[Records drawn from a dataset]
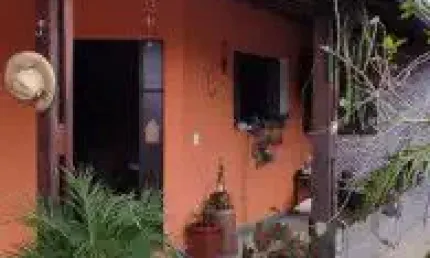 Casa no bairro Jardim Guacyra, em Itanhaém - localizada no lado serra.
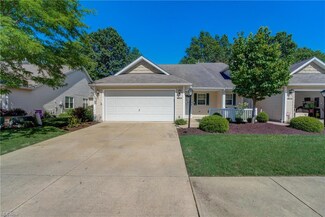 7443 Willow Woods Dr Unit 35A, North Olmsted, OH 44070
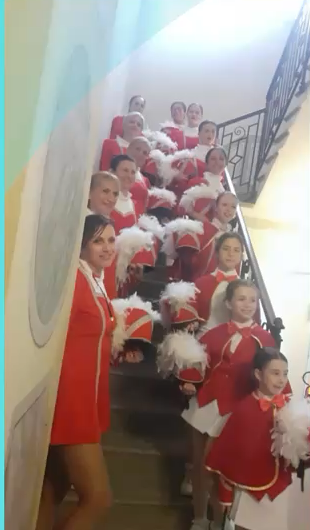 Gruppo Majorettes di Cernusco riunito sulla scala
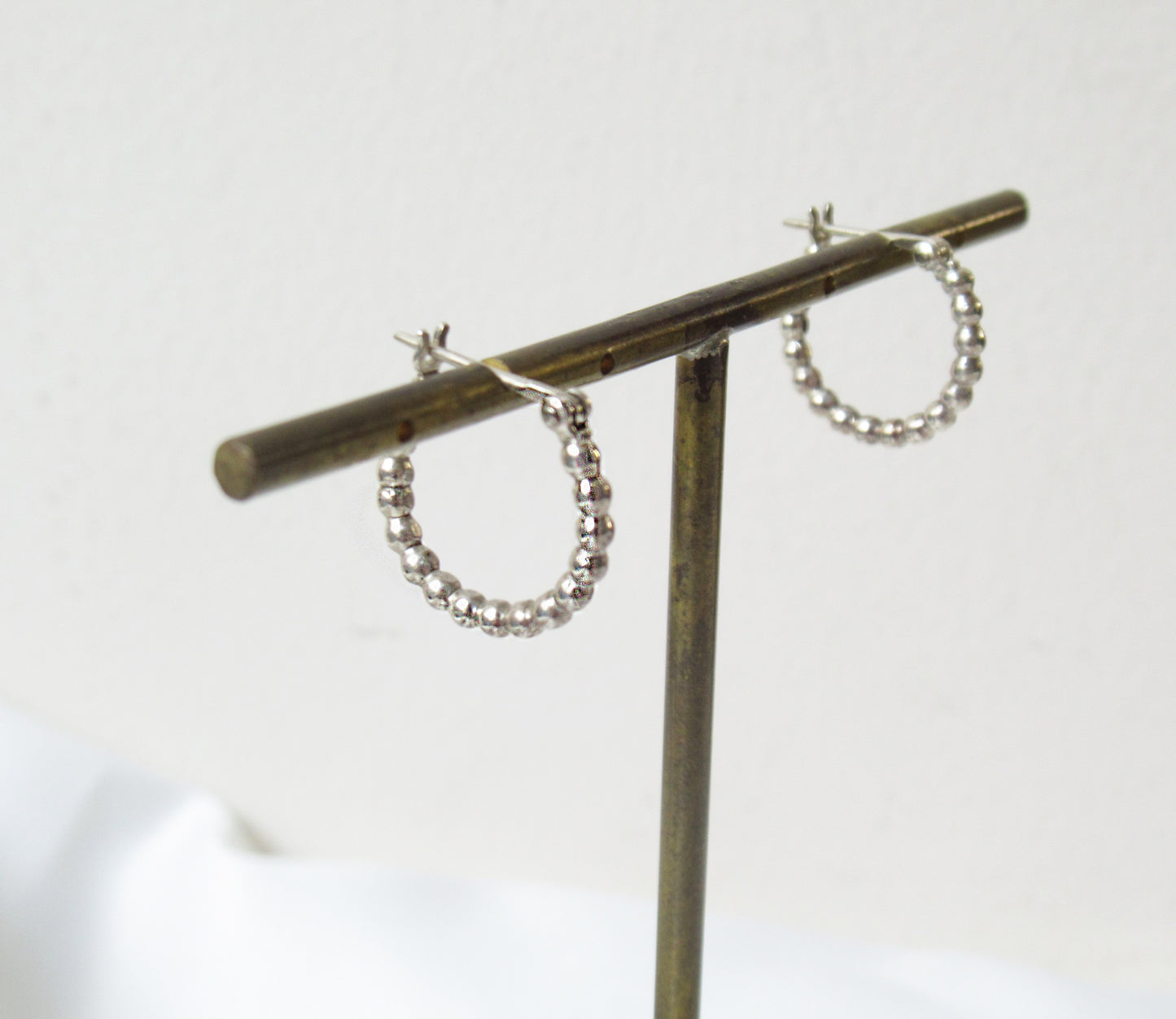 tsubutsubu silver hoop earring (pierce) 1 / Silver (両耳)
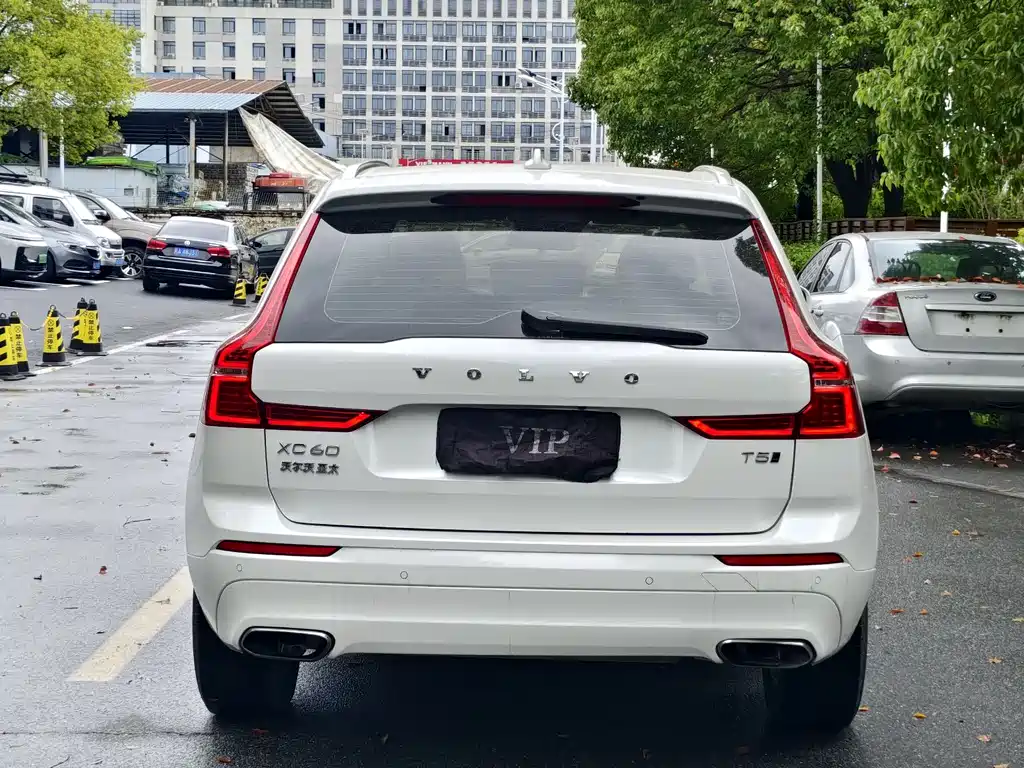 Volvo XC60 — фото 4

### What to produce
Could you return each line, unchanged, from the line containing "7443 Willow Woods" through the last line of the entries above, leaving out the pictures?

### Task answer
 7443 Willow Woods Dr Unit 35A, North Olmsted, OH 44070
 Gruppo Majorettes di Cernusco riunito sulla scala
 tsubutsubu silver hoop earring (pierce) 1 / Silver (両耳)
 Volvo XC60 — фото 4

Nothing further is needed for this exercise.